After a few months now of trolling WSO and four weeks of writing in the contributing blogger intern program, all while working full-time for a F500 and pursuing my MBA full-time in effort to break into ER, I have had a bit of an epiphany about myself and a truth that an old friend tried to hammer into me many years ago has finally sunken in. Without further ado, I'd like to share a bit of that story and how it is reshaping my resolve to keep running into an unending barrage of "No," punctuated by the always-pleasant overuse of idiomatic expressions.

Big Fish, Tiny Pond.

I grew up in a town of about 30,000 people. My parents were college drop outs who had gotten pregnant too soon with my brother. My mom stayed home and my dad worked a shitty job that couldn't pay the bills--I only learned much later in life that the pink and yellow slips of paper my mom took with us to the grocery store were Uncle Sam's way of feeding my family. My parents and brother lived for a couple years in a double wide trailer until they lucked into a starter home by means of just taking over this old lady's payments (i.e. she gave them all her equity in the house). It was a modest home in a troubled neighborhood (drug addicts, white trash lazy people, and immigrants just starting out).

I don't share this to seek pity or sympathy or whatever--that was my reality and I'm totally cool with that, it just sets the stage for the rest of my story.

Additionally, the next thing I am going to say is not bragging and I don't take any personal pride or credit for this, but again it's just the way it is. I was born abnormally intelligent, which is additionally odd because the rest of my family is ... well, not (okay, I supposedly had a genius aunt, but she died when I was tiny so I can't confirm that). My mom's side is a bunch of backwards rednecks and my dad's side was basically your typically lower middle class, hard-working non-intellectual types. I knew very early on that I was more intelligent than my parents, my brother, my classmates in primary school, the teachers, administrators, and almost everyone with whom I had personal contact.

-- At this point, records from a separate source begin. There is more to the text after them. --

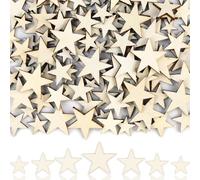 qingmeng Lot de 100 étoiles en bois 10/12/15/20 mm pour bricoler, petites étoiles, décoration de Noël, confettis en bois, décoration de table de Noël, étoiles à disperser, couronne de l'Avent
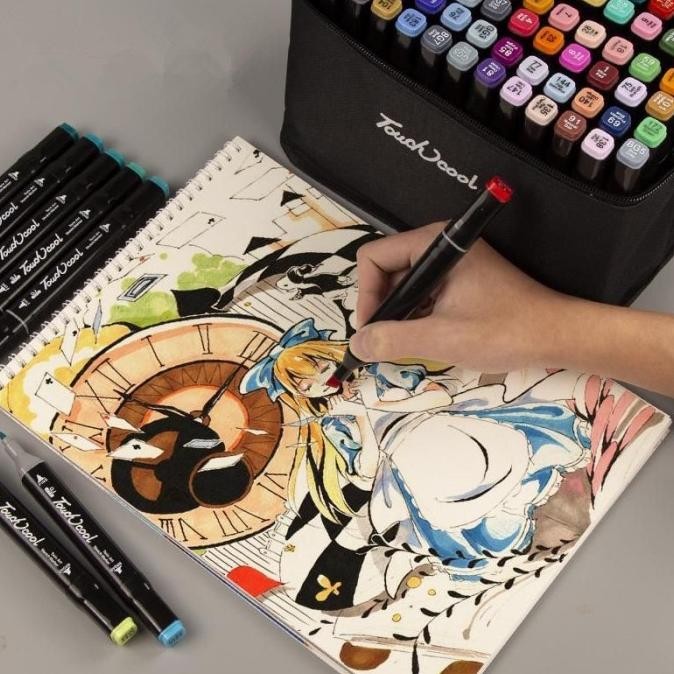 

Spidol Warna Warni Gambar Sketsa Dua sisi - Touch Marker Twin Drawing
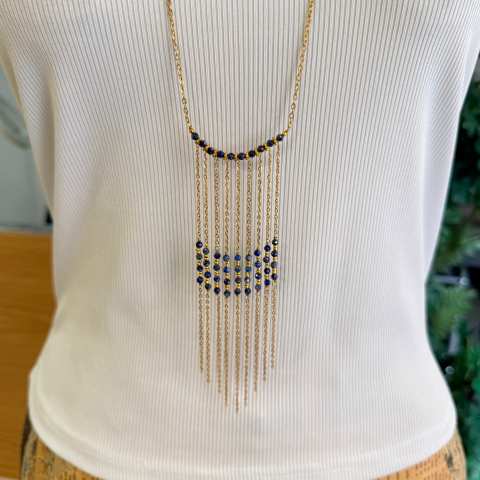 Collana lunga Blu di Mezzanotte con lapis e frange | SabrinaBi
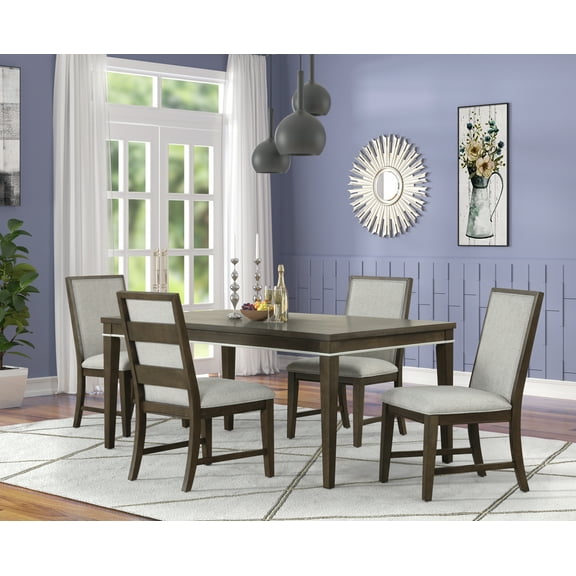 Roundhill Furniture Aberll Wood Dining Room Set, Table with 4 Side Chairs, Gray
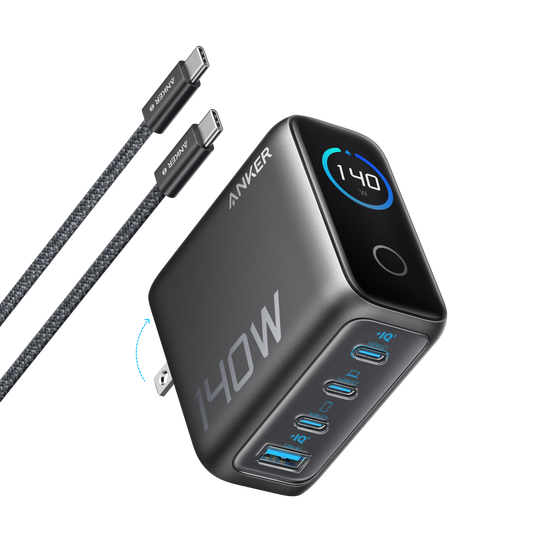 Anker Charger (140W, 4-Port, PD 3.1) with USB-C Cable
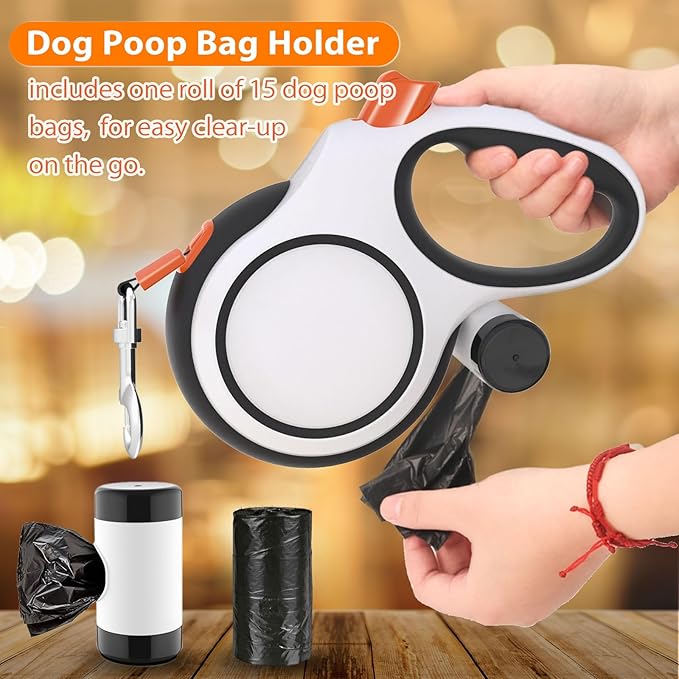 Meegood Retractable Dog Leash 26ft Heavy-Duty for Medium & Large Dogs - Upgraded Lock, Tangle-Free, Ergonomic Grip - Perfect for Walking, Running, Outdoor Training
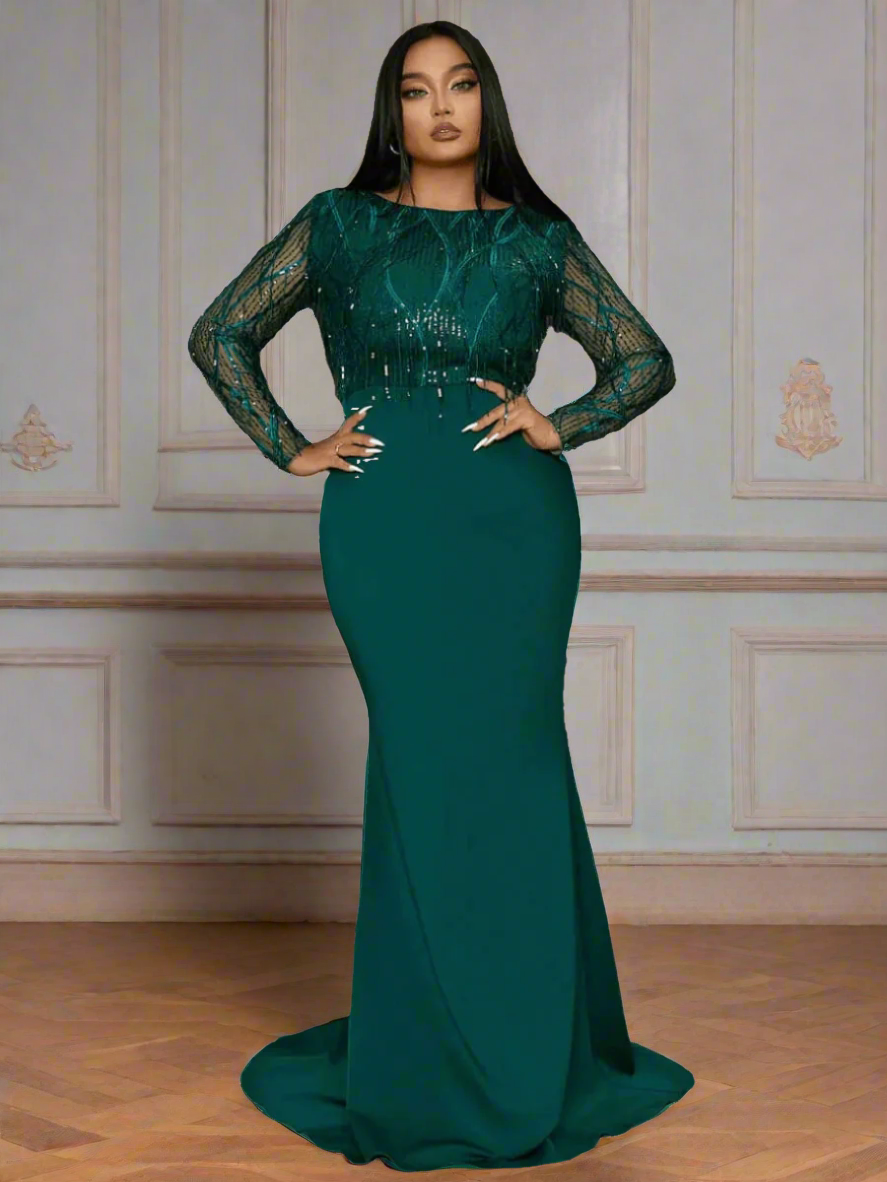 Plus Long Sleeve Fringed Maxi Dress PJMT1103 - MISS ORD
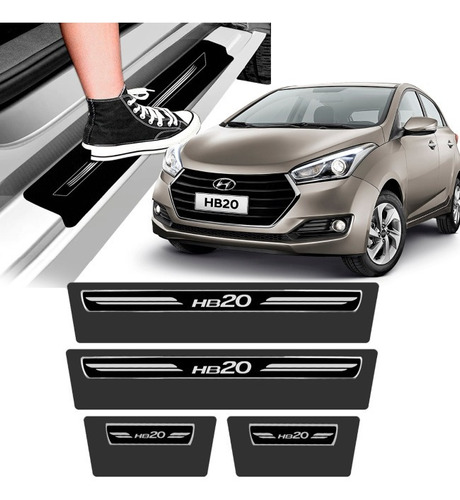 Soleira Hyundai Hb20 2012 A 2021 Protetor De Portas Preto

Totally full of myself, I screwed off in class and still blew tests out of the water, I got courted by Duke when I was in the sixth grade, I was counselled numerous times to skip grades, despite being the youngest kid in my class already, etc. etc.

None of these early events in my life are to my credit--in fact I am actually ashamed of all of this because I was such an ungrateful, lazy prick in light of the amazing brain that I just happened to be born with. Nevertheless, I became accustomed to a level of "success" that wasn't difficult or solid--because it wasn't really success, requiring basically nothing of me. I got a better ACT scores than 95% of the country when I was still in 10th grade without studying and was accepted into a merit based academic magnet school in 11th grade.

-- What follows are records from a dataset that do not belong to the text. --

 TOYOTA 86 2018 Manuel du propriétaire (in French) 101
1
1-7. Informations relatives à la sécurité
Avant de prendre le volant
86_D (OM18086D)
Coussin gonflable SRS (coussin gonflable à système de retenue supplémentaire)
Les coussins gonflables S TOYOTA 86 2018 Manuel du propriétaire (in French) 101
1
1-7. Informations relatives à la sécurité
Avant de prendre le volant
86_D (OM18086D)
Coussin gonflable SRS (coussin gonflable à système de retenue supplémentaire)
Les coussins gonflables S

Until I made it to my first year of college, my life was a series of undisputed successes (at least on paper).

No Pain, No Gain.

Many people don't realize just how detrimental "success" without effort is to long-term character development and personal growth. For this reason, I personally no longer define success by external metrics, but defer to the Greek method where success is judged only by improvement and competing against oneself and ones preconceived notions of what they can do (also adopted into many sports such as running, weight training, and Iron Man, among others).

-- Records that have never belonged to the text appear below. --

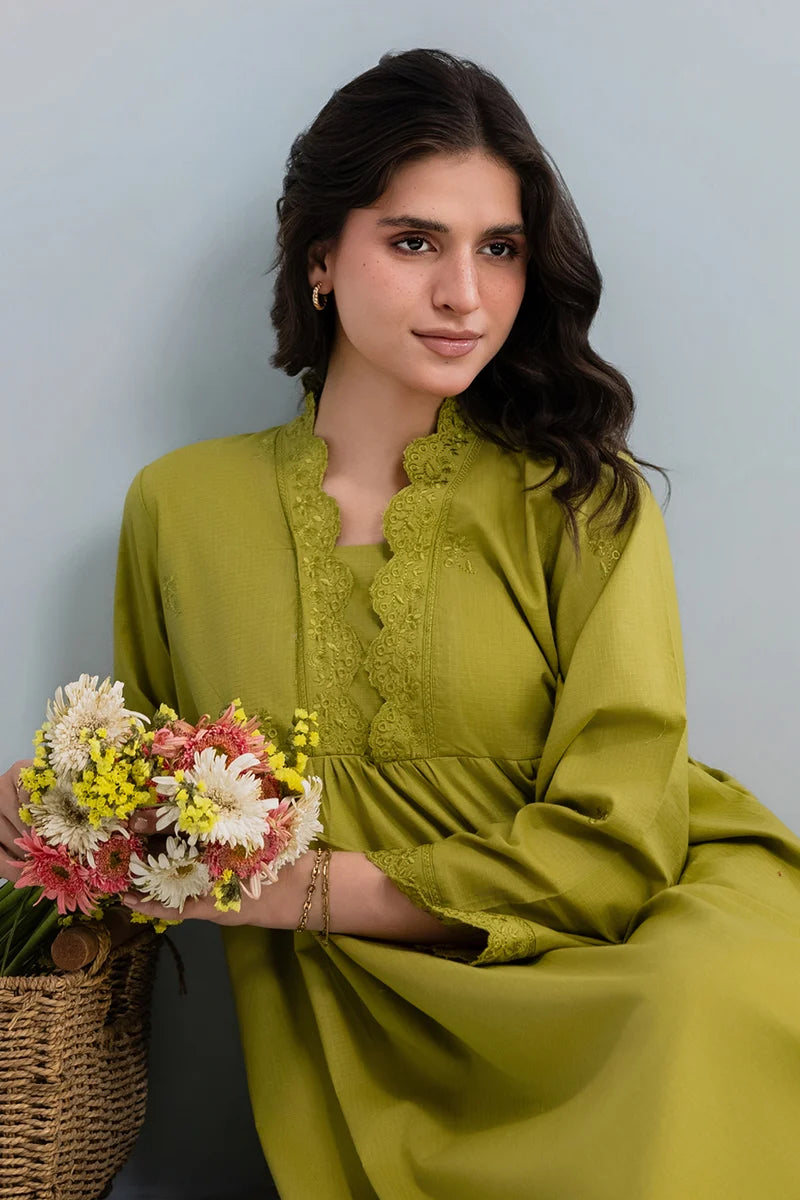 Women's Olive Green Hand-Embroidered Khaddar Maxi Tunic | Scalloped Lace Cuffs | Relaxed Fit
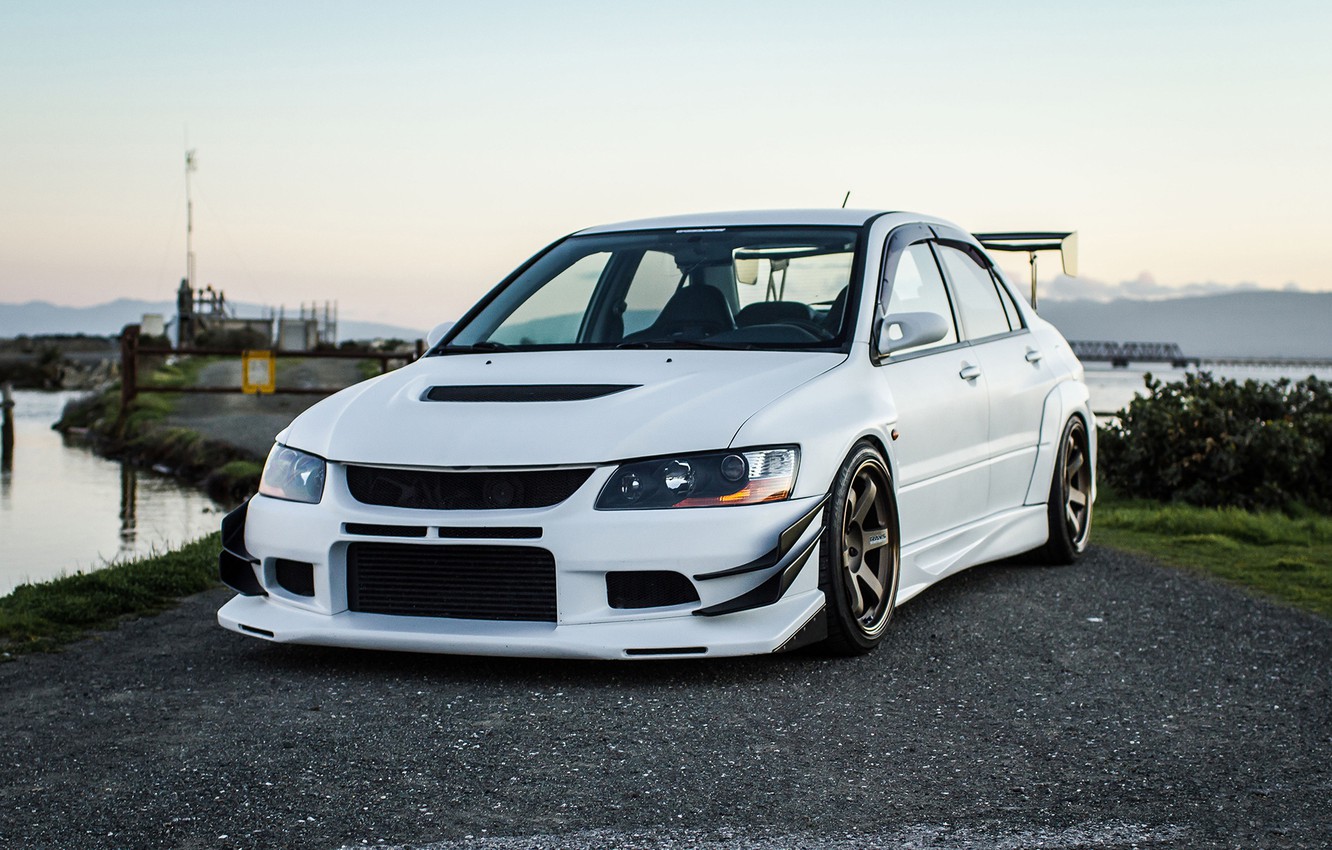 Photo Wallpaper Tuning, White, Mitsubishi Lancer Evo - Mitsubishi Lancer Evo Tuning , HD Wallpaper & Backgrounds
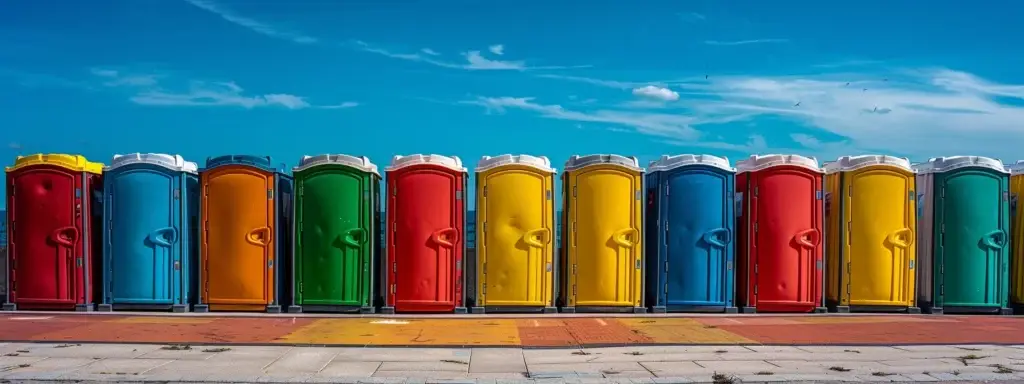 Colorful row of porta potties in vibrant hues, highlighting options for portable restroom rentals, relevant to boosting porta potty business visibility and customer engagement.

Anyway, my lazy outtake on life developed during my first 17 years of floating by on natural intellect set me up for a huge cataclysm. I graduated high school with a slightly above average GPA with some 26 hours worth of college credit from A.P. courses, a phenomenal ACT score, and a chip on my shoulder the size of a mastiff. I thumbed my nose at all of the colleges in my state (despite the opportunity for a full-tuition, room, board, and stipend scholarship at the University of Arkansas which was less than 5 minutes from where I grew up--I know... big mistake).

I believed I was too good to go to college in Arkansas. Instead, with no thought to what I wanted to do with my life, I enrolled in a 40k+/year private military college on a half tuition scholarship, assuming with how amazing I was, I would be able to convince the USMC to pay for the rest. I hadn't done much research, and didn't know what I was talking about, but hey, who wouldn't want to give ME money, right? Wrong. I (now) have infinite respect for the US Marine Corps and the fact that they value determination, integrity, and hard work above your natural born mental processors.

Back to Square One.

The USMC basically told me to fuck off.

Apparently they had met their quota for narcissists and self-important know-it-all's for the century--and it didn't help that I also had asthma, a fact that I had assumed, for me, they would merrily overlook. Having never dealt with any kind of rejection or failure before, I did what came most natural and moved on. I didn't think twice. It wasn't long until I was rationalizing it away as their loss and that I was simply too good for the military anyway. I bounced around with a variety of majors, not really caring about anything, until I finally found that I kind of enjoyed theology.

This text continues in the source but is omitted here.